## Optimising Trigonometric Function Example

Suppose we have a corridor with a corner. End side of the corner has a width of 5m and the other has a width of 3m.

From the diagram

\[L=x+y=\frac{5}{cos \theta}+\frac{3}{sin \theta}\]

Differentiating with respect to

\[\theta\]

and setting equal to zero gives\[\frac{dL}{d \theta} = \frac{d}{d \theta} (\frac{5}{cos \theta}+\frac{3}{sin \theta})=5 sec \theta tan \theta -3 cosec \theta cot \theta =0\]

Hence

\[5 sec \theta tan \theta =3 cosec \theta cot \theta\]
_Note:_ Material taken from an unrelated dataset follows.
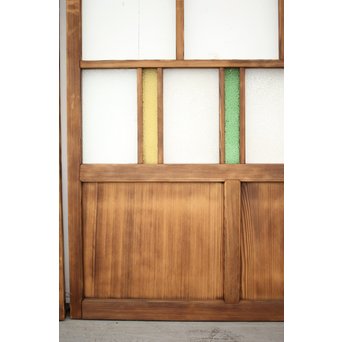 黄色と緑色ガラスの白木建具S 2枚1組　GD1289Y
\[5 \frac{sin \theta}{cos^2 \theta} =3 \frac{cos \theta}{ sin^2 \theta}\]

\[\frac{sin^3 \theta}{cos^3 \theta} =\frac{3}{5} \rightarrow tan \theta = \sqrt{3}{\frac{3}{5}}\]

But

\[sec \theta = \sqrt{1+tan^2 \theta}=\sqrt{1+(\frac{3}{5})^{3/2}}\]

and

\[cosec \theta = \sqrt{1+cot^2 \theta}=\sqrt{1+(\frac{5}{3})^{3/2}}\]

Hence

\[L=5 \sqrt{1+(\frac{3}{5})^{3/2}} + 3 \sqrt{1+(\frac{5}{3})^{3/2}}\]

.From the graph the function is obviously a minimum.

The function here represents the distance between walls and the minimum distance is the maximum length of a beam that can pass through.